** LISTED ENTRIES **
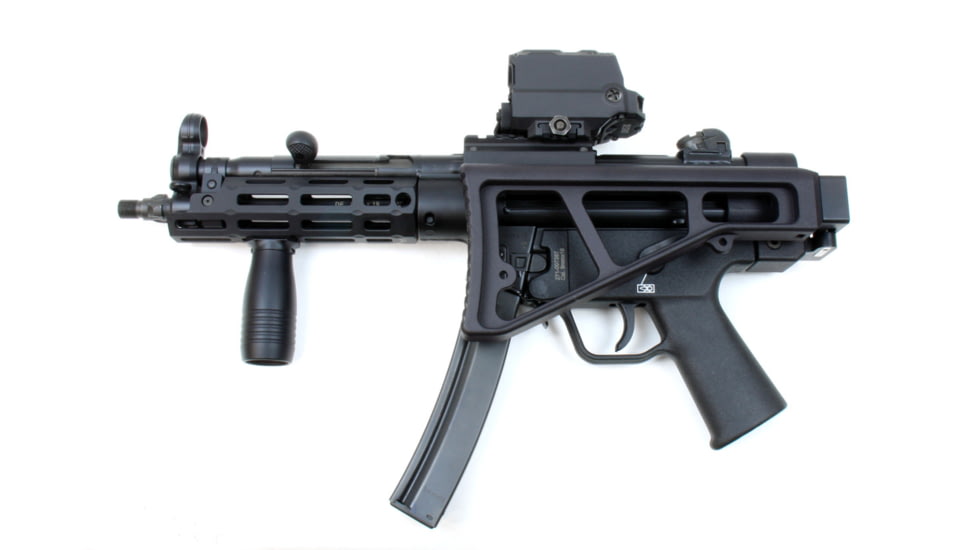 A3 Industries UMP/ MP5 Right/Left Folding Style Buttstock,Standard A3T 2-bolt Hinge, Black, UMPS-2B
--
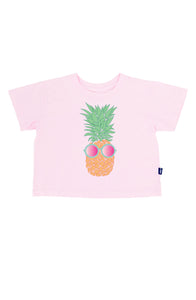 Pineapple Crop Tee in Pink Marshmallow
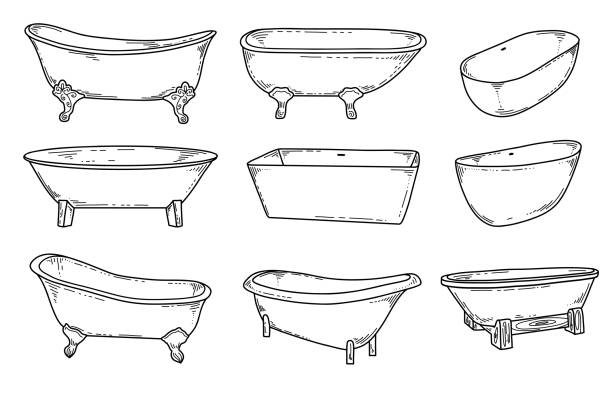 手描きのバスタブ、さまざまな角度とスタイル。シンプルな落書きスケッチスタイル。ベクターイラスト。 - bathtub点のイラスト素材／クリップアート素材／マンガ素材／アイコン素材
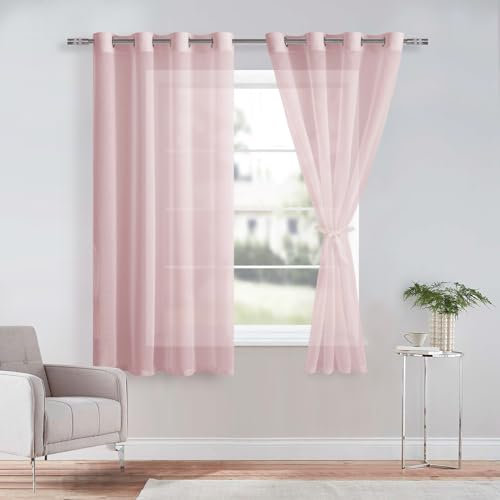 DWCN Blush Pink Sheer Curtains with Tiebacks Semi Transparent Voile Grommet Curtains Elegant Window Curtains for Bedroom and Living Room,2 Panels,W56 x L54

** EXERCISE BRIEF **
Write out exactly the lines above between the one with "Pineapple Crop Tee in Pink Marshmallow" and the one with "DWCN Blush Pink", inclusive, with pictures left out.

** RESPONSE AREA **
 Pineapple Crop Tee in Pink Marshmallow
 手描きのバスタブ、さまざまな角度とスタイル。シンプルな落書きスケッチスタイル。ベクターイラスト。 - bathtub点のイラスト素材／クリップアート素材／マンガ素材／アイコン素材
 DWCN Blush Pink Sheer Curtains with Tiebacks Semi Transparent Voile Grommet Curtains Elegant Window Curtains for Bedroom and Living Room,2 Panels,W56 x L54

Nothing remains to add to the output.